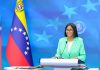 Delcy Rodríguez lanza mensaje al país y pone sobre la mesa cambios, estabilidad y el futuro de Venezuela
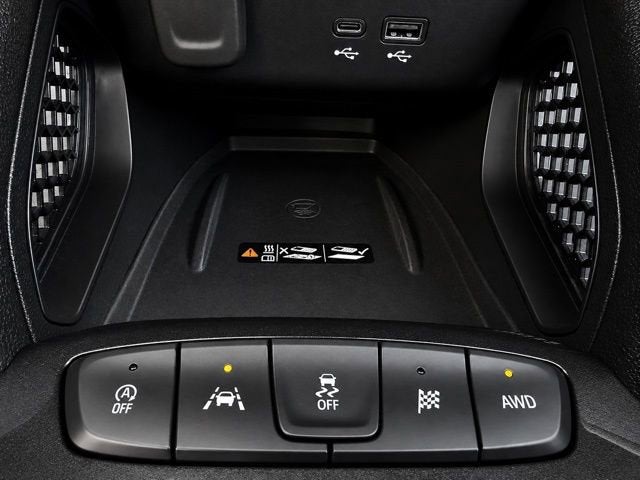 2024 Chevrolet Trailblazer ACTIV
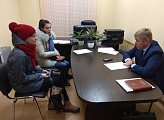 Депутат Юрий Шадрин ответил на жилищные вопросы североморцев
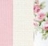 Vimplar med bokstäver - pink florals stripe colours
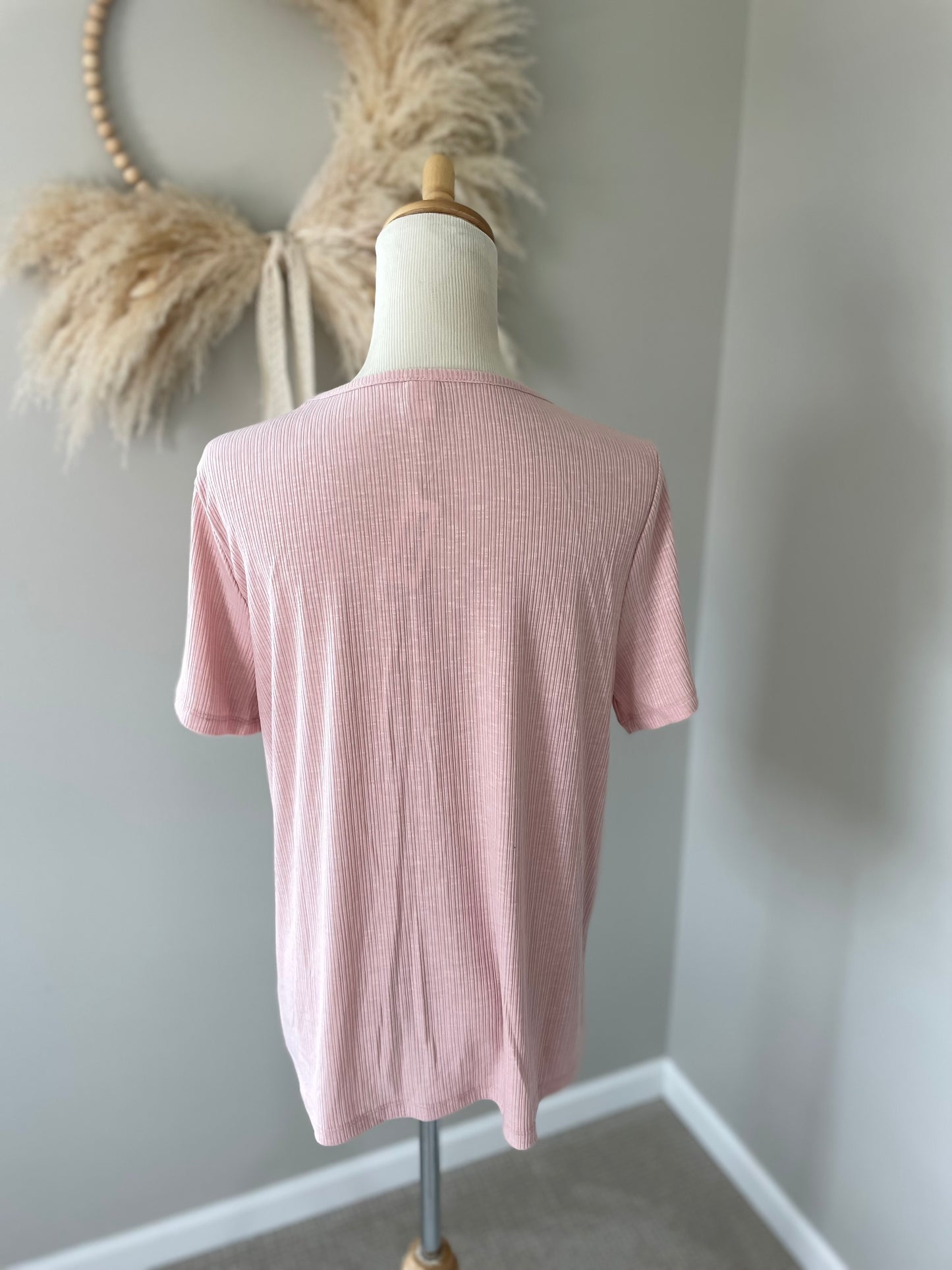 NWT Old Navy Luxe Tee (M)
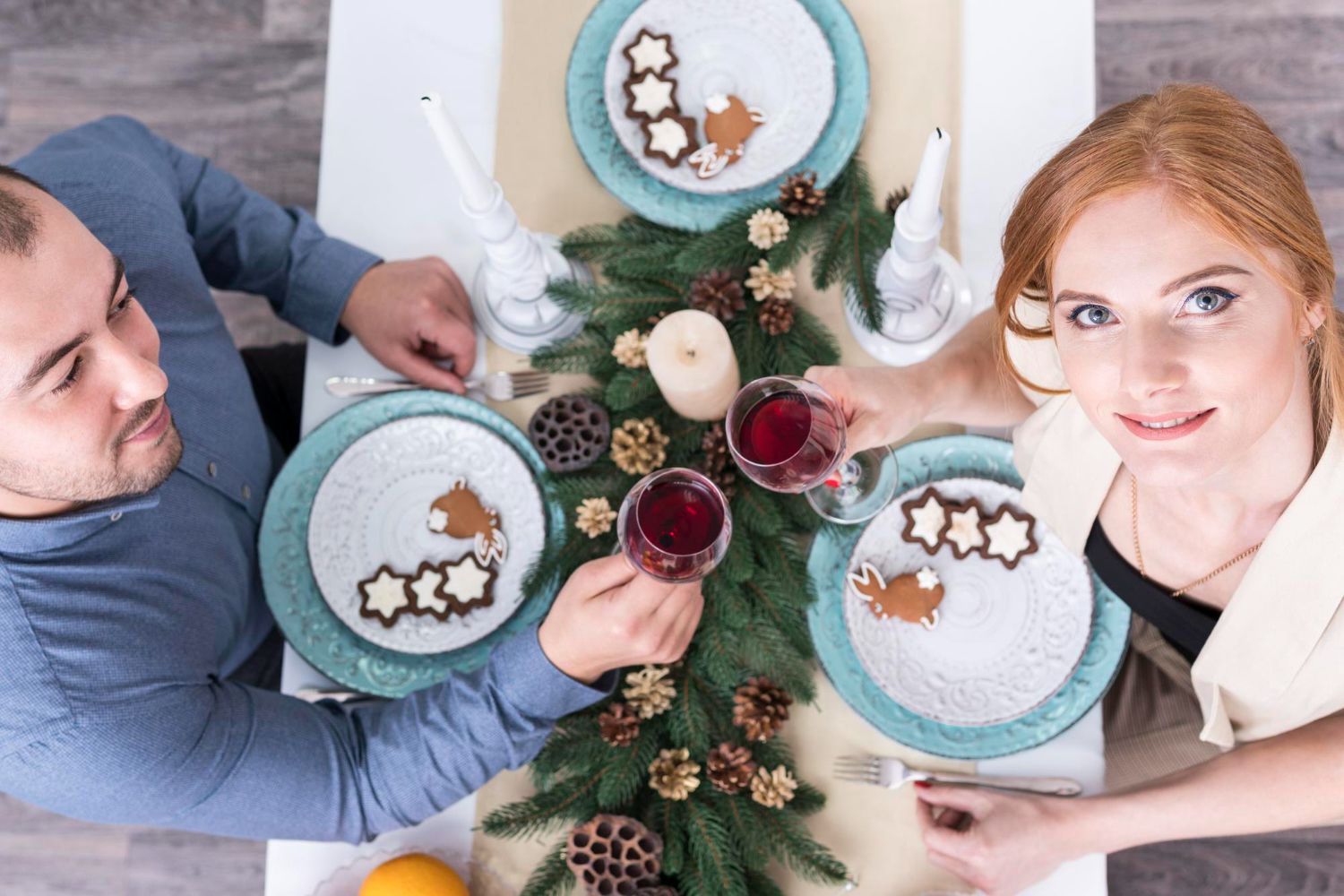 przejadanie święta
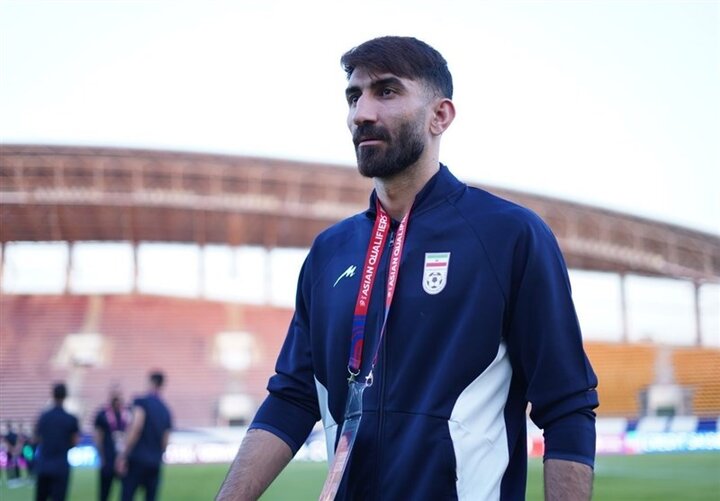 محرومیت بیرانوند در CAS تعلیق شد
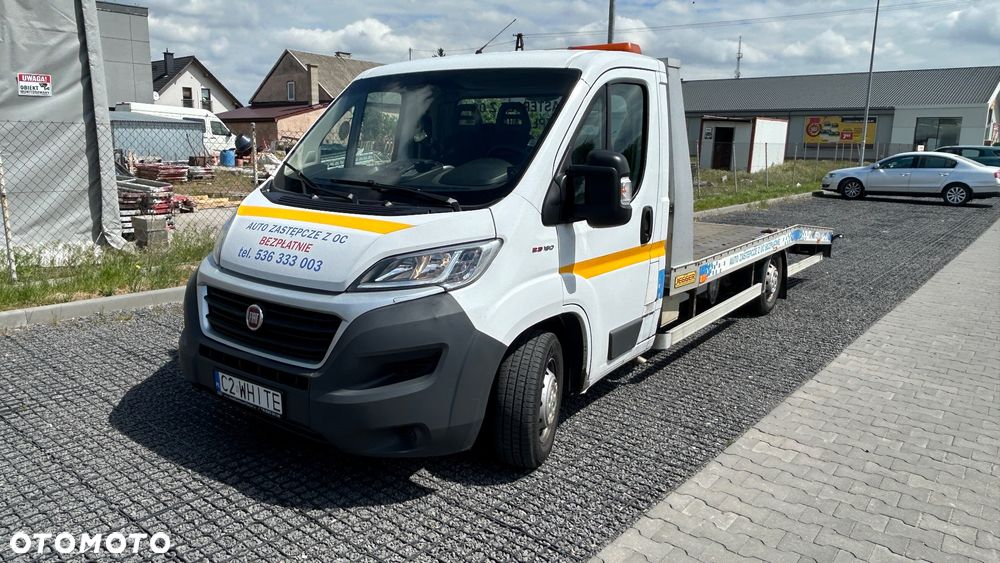 Fiat Ducato - 1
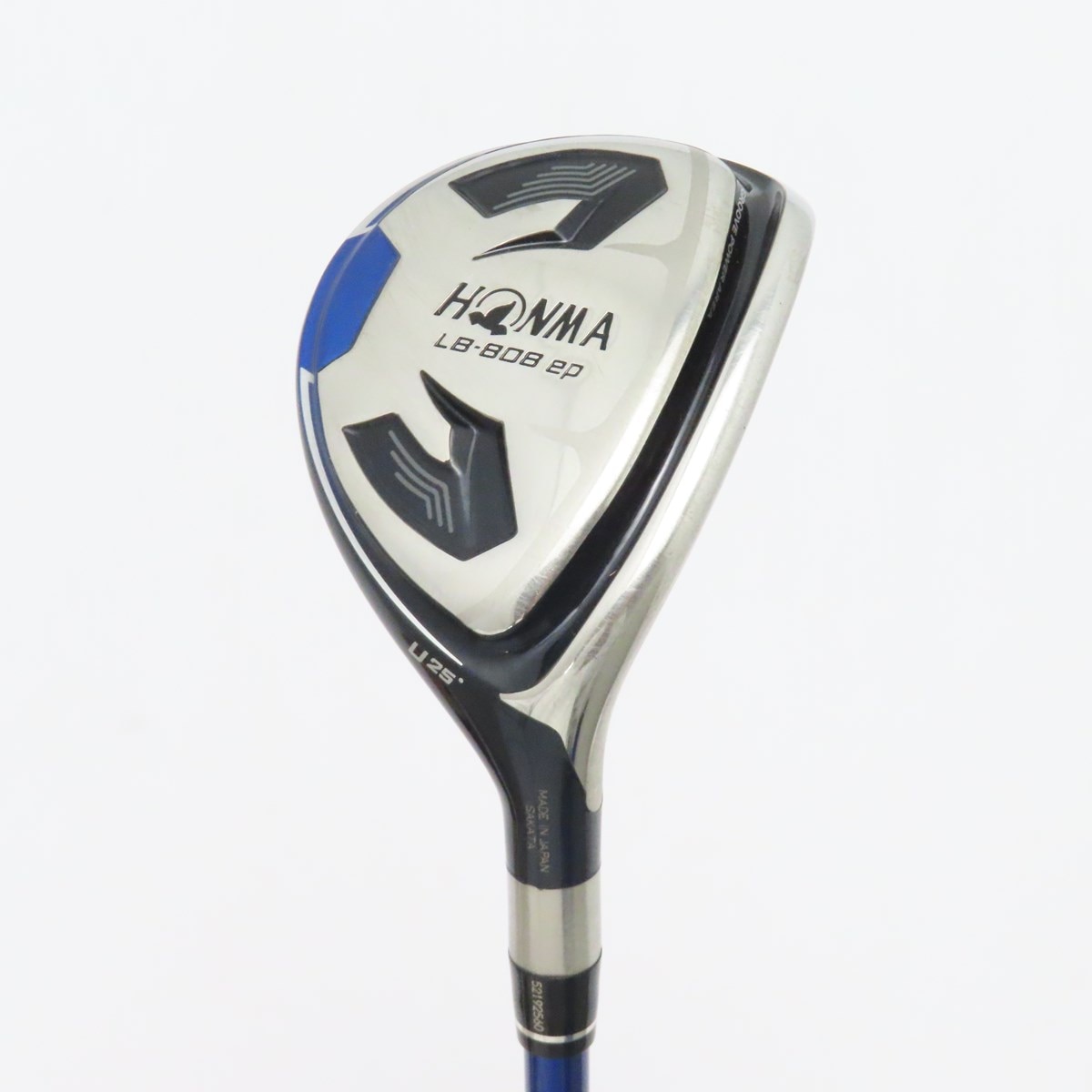 中古】ホンマ ユーティリティ (本間ゴルフ) 通販｜GDO中古ゴルフクラブ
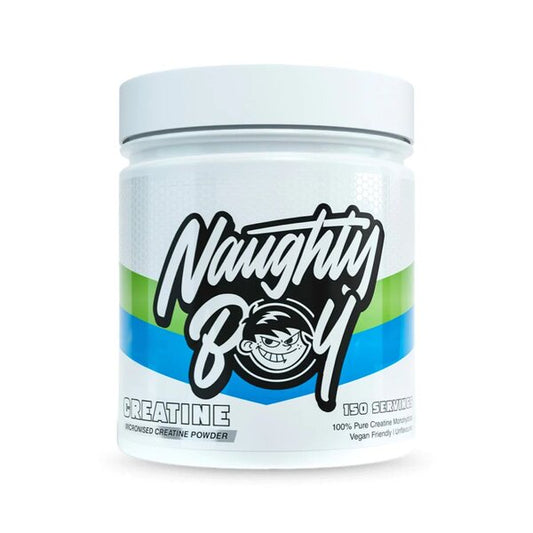 Naughty Boy Creatine Powder - 450g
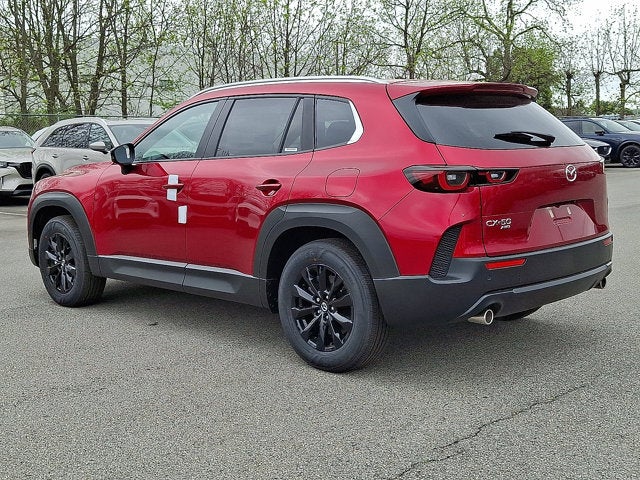 2026 Mazda Mazda CX-50 2.5 S Preferred AWD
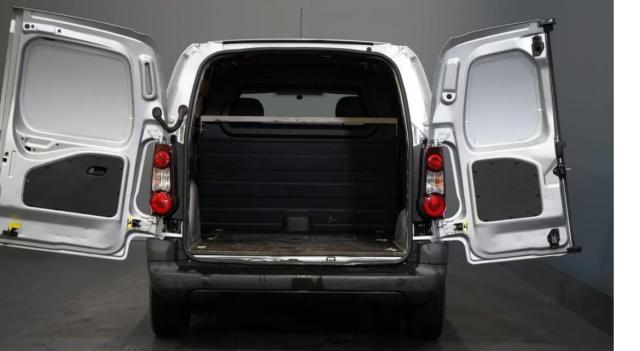 Peugeot Partner image 4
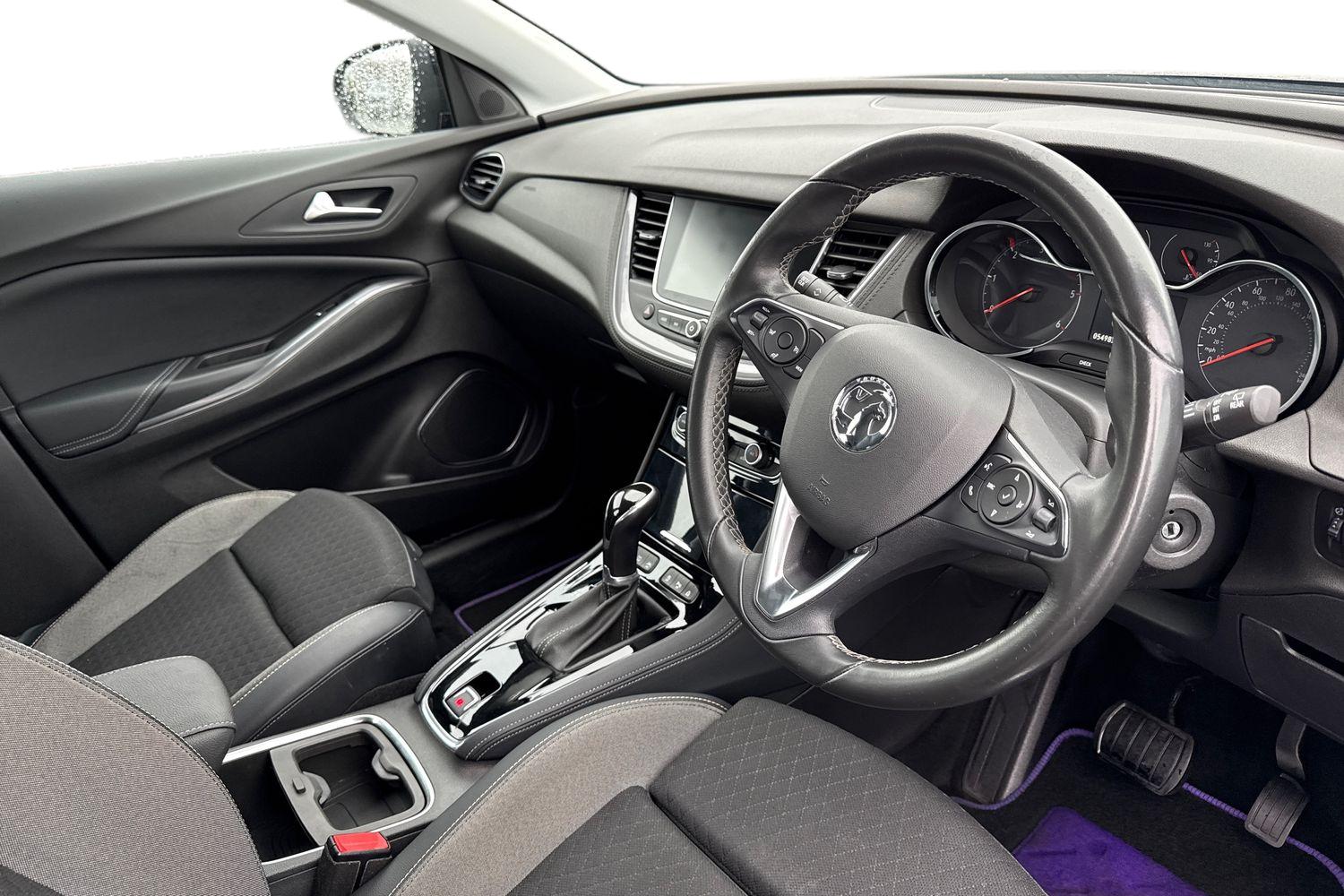 Used Vauxhall Grandland X 2019 for sale - 78189677: Photo 14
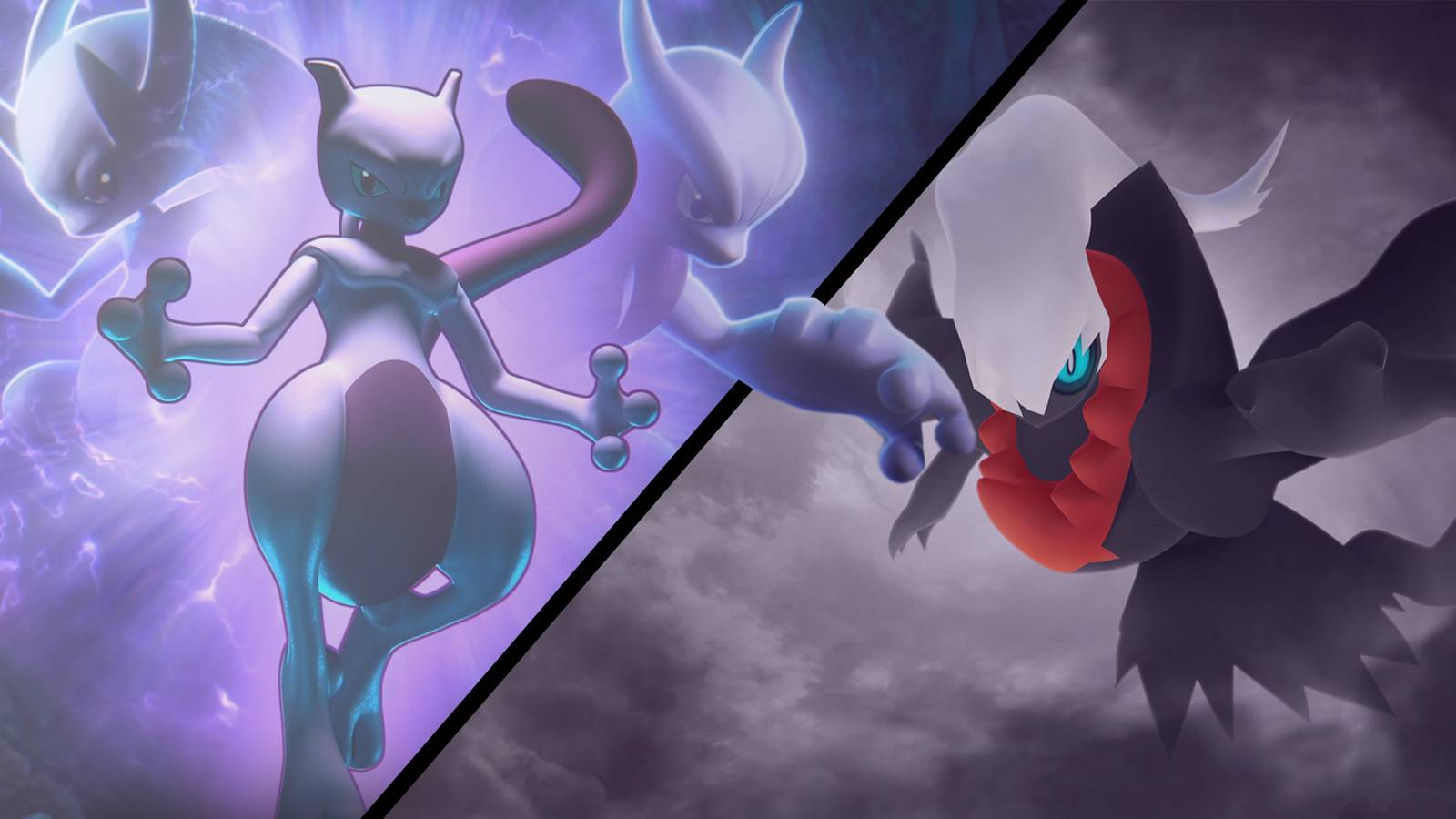 Two Pokemon Legendary And Mythical Pokemon With The Most Terrifying Backstories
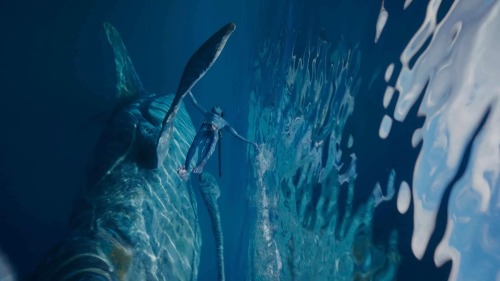 The Visuals Of Avatar: The Way Of Water (2022)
• • • • • • •
> _The task_:
Set down, exactly as written, each line from the one that contains "Fiat Ducato - 1" to the last line of the records, but none of the pictures.

> _Task answer_:
 Fiat Ducato - 1
 中古】ホンマ ユーティリティ (本間ゴルフ) 通販｜GDO中古ゴルフクラブ
 Naughty Boy Creatine Powder - 450g
 2026 Mazda Mazda CX-50 2.5 S Preferred AWD
 Peugeot Partner image 4
 Used Vauxhall Grandland X 2019 for sale - 78189677: Photo 14
 Two Pokemon Legendary And Mythical Pokemon With The Most Terrifying Backstories
 The Visuals Of Avatar: The Way Of Water (2022)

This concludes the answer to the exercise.